3.2.3 Multivariable regression analysis applying variable transformations
Two transformations were then applied to the predictors (logarithmic and square root), to identify any linear correlation between the water level above the LiDAR level and the transformed variables. The predictors considered by this analysis were lake area, upstream drainage area, outflow channel width and peak discharge with return period of 350 years. In this context it was observed that squaring the discharge values made a relevant difference in the predictive performance of the model, while performing the same transformation on the area and watershed areas was not as significant. The weir value was not identified as a relevant variable. The simplest significant model used as predictors the lake area and the square root of the peak discharge, and shows a RMSE of 0.48 m with an adjusted R squared of 0.5495. The p-values for both the predictors are in the order of 10-5, showing a statistically significant correlation (Table 3, Figure 4).
[Table 3]
[Figure 4]
The error characteristics of this approach show the assumption of homoscedasticity to be valid in this model. Neither the error nor the absolute value of the error are shown to be linked with an increase of any of the predictors or other lake characteristics (plot in Figure 3 of supplementary materials).

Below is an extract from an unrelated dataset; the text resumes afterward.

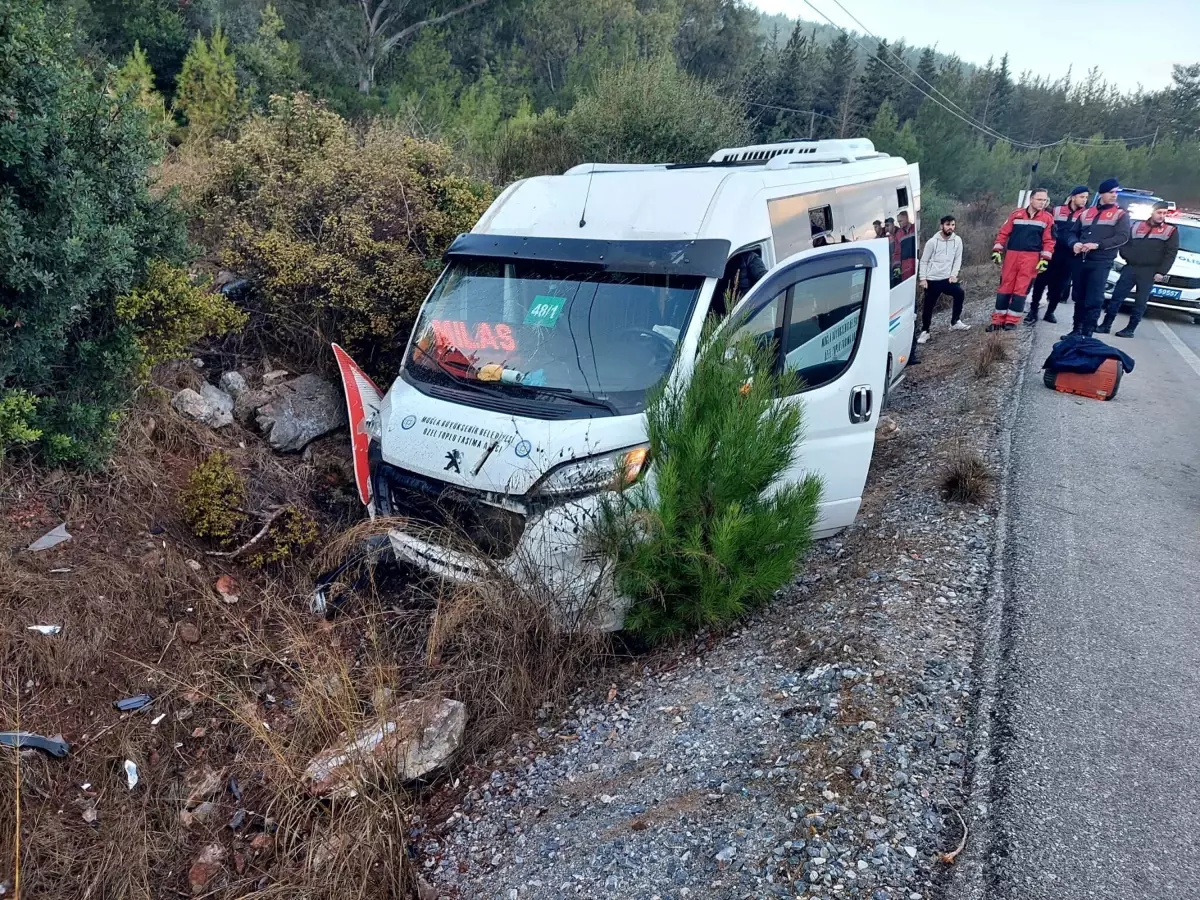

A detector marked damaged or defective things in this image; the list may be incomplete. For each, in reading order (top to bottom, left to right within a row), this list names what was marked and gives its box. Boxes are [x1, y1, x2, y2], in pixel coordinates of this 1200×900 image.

crashed van [328, 139, 916, 628]
broken plastic part [0, 734, 69, 763]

An identical multivariable regression procedure was applied using return periods of 100 and 20 years. The results show that an equivalent model, with slightly modified coefficients, provides a good performance for a 100 year flow (RMSE = 0.48 m, adjusted R squared of 0.4849). However, the adjusted R squared dropped to 0.3574 for the 20-year events, indicating that the model was not able to predict water levels associated with more frequent events. We hypothesise that this is because higher frequency events are more readily controlled by engineered features leading to highly unpredictable water level behaviour.